Discovery in Texas is about obtaining information about the lawsuit.
If you fail to answer discovery, your evidence may be barred from submission to the Court.
If you fail to answer discovery, you may lose your case.
No body likes answering Discovery. Make it as painless as possible – help your lawyer and their staff do the job of answering discovery.
“Discovery” is the process in which the parties to litigation exchange information about each other and about their claims and defenses. The discovery process is intended to speed up litigation and to foster settlements before trial. It is usually, though not always, effective in achieving these objectives. The idea is for the parties to learn as much as they can about each other’s claims and defenses before trial, in order to make a fully informed and intelligent assessment of the strengths and weaknesses of their case. In the days before discovery became a formal part of the litigation process, parties would purposefully conceal important information and spring it into the open on the eve of trial, or even in the middle of trial. Today, most of the real surprises during trials are seen only on TV dramas. After engaging in discovery, all parties have a pretty good idea what each side expects to prove at the trial.
There are several different methods of obtaining information from other parties.
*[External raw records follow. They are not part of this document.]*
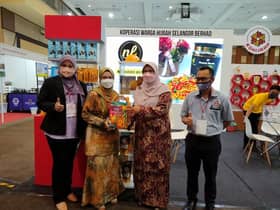 First Selangor Plan to pay attention to helping entrepreneurs increase revenue — Exco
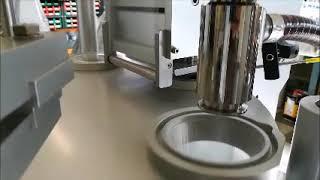 jam packaging machine - Dairy packaging machine - Rotopack - Milano - Italy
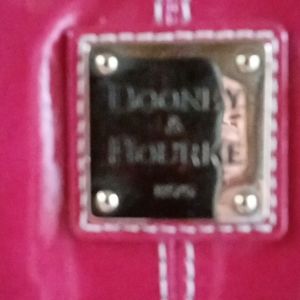 Dooney&Bourke 1975 purse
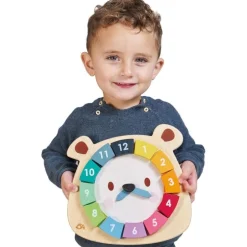 Bright Minds Math Collection of Wood Toys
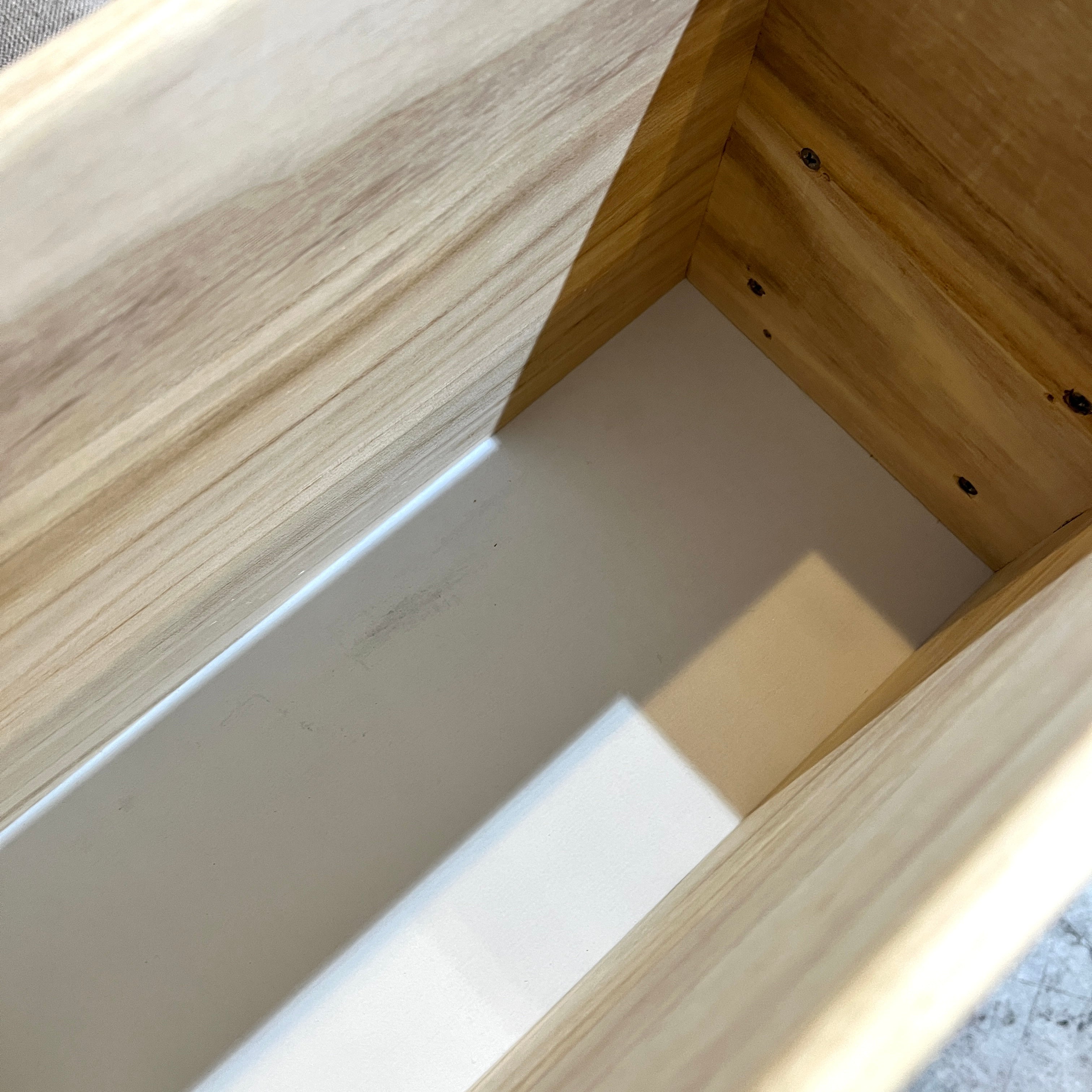 ウニコ / unico シグネ ドレッサー スツール付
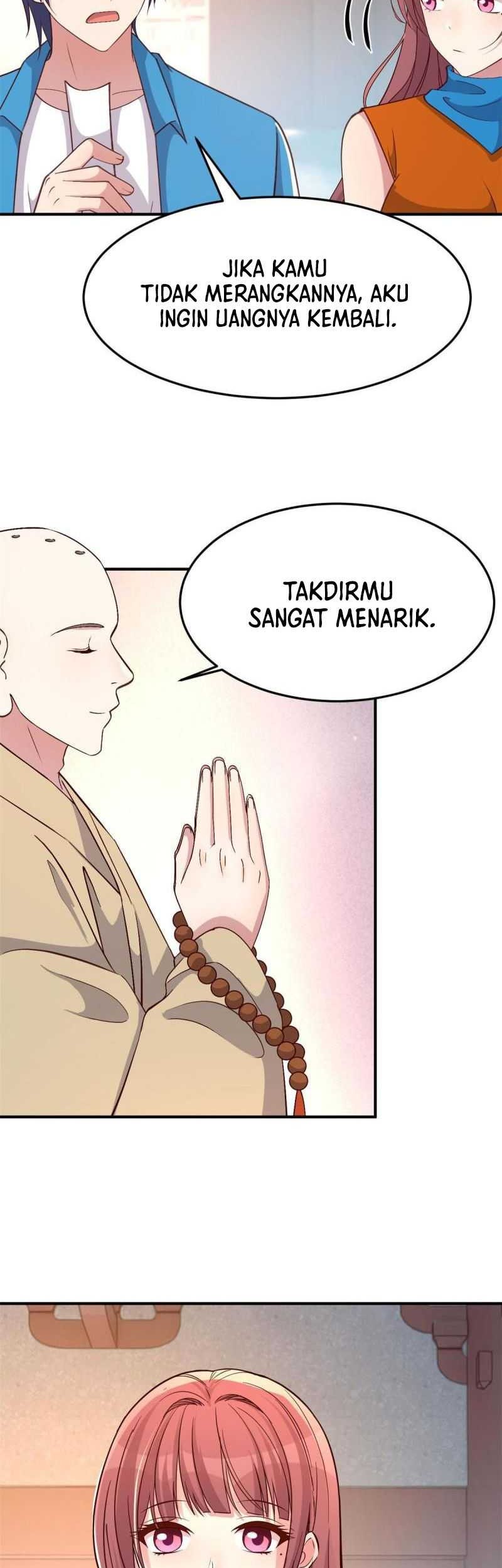 My Sister Is A Superstar Chapter 214 Gambar 4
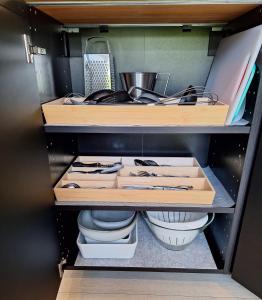 Dapur atau dapur kecil di EngholmBB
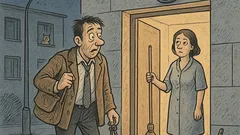 Vtip: Počuj, tvoja žena je pracovitá?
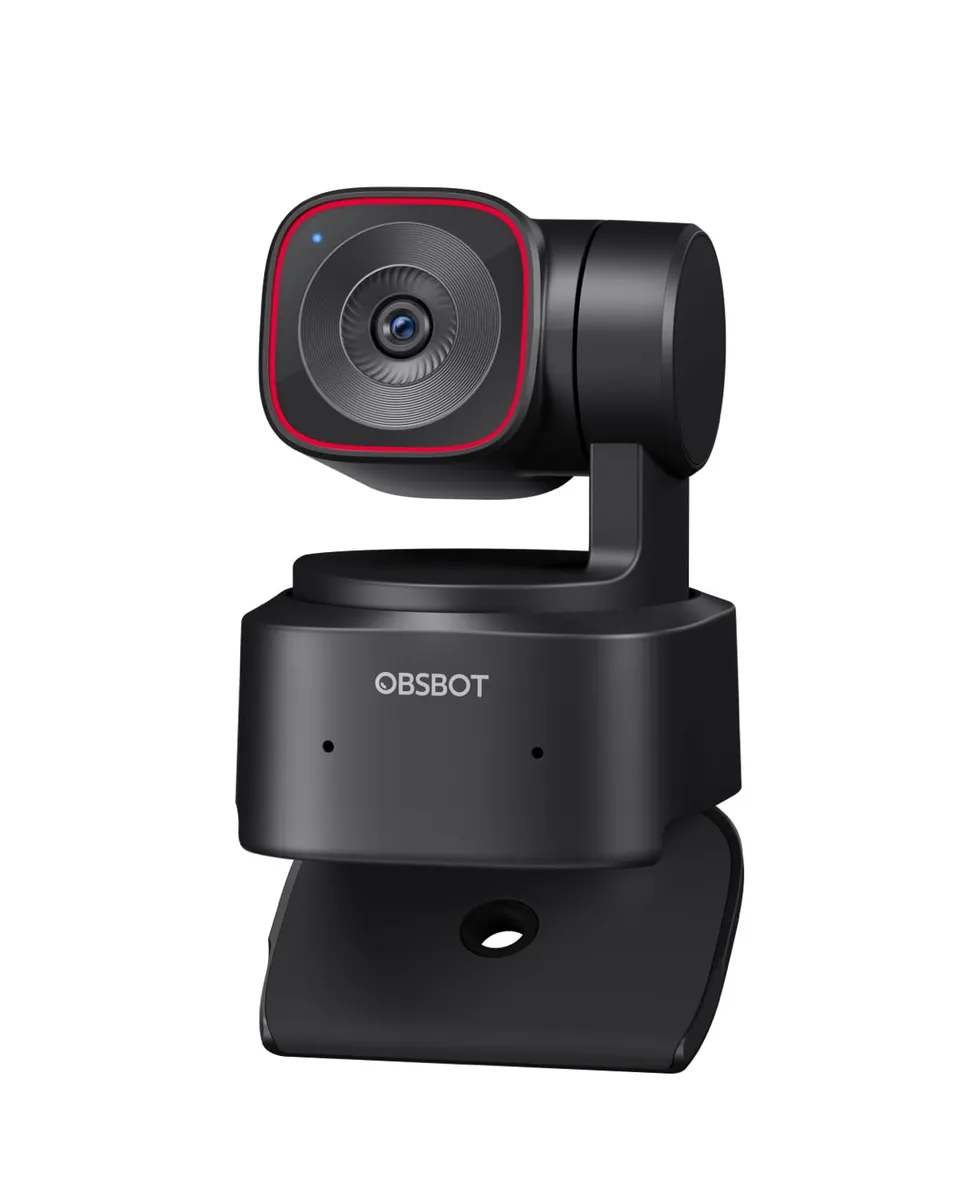 obsbot-tiny-2-lite-webcam-4k-ptz-suivi-ia image 1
The most common tools are “requests for disclosures,” “interrogatories,” “requests for production,” “requests for admissions,” and “depositions.” Soon after the parties have filed their initial pleadings, they will begin to serve each discovery. Interrogatories are written questions which the parties are required to answer under oath (usually by signing their answers in the presence of a notary public). “Requests for production” are usually requests for documents or other items of physical evidence, although requests for production can also be used to request scientific testing, to request the right to inspect evidence or property, or for various other purposes. “Requests for admissions” ask a party to admit or deny certain facts. Facts which are admitted by one party or another do not need to be proven at trial, and this can help speed up the litigation process. “Depositions” involve the live questioning of parties and witnesses under oath.
Discovery in state court cases in Texas is similar to discovery in other state and federal courts, in the sense that the rules require very liberal exchanges of information. Lots of information that is inadmissible in court, or that is probably inadmissible, is nonetheless discoverable under the Texas Rules of Civil Procedure. When you review your interrogatories and requests for production for the first time, try not to be alarmed by the sheer quantity of information that is requested, or by the personal nature of some of the questions.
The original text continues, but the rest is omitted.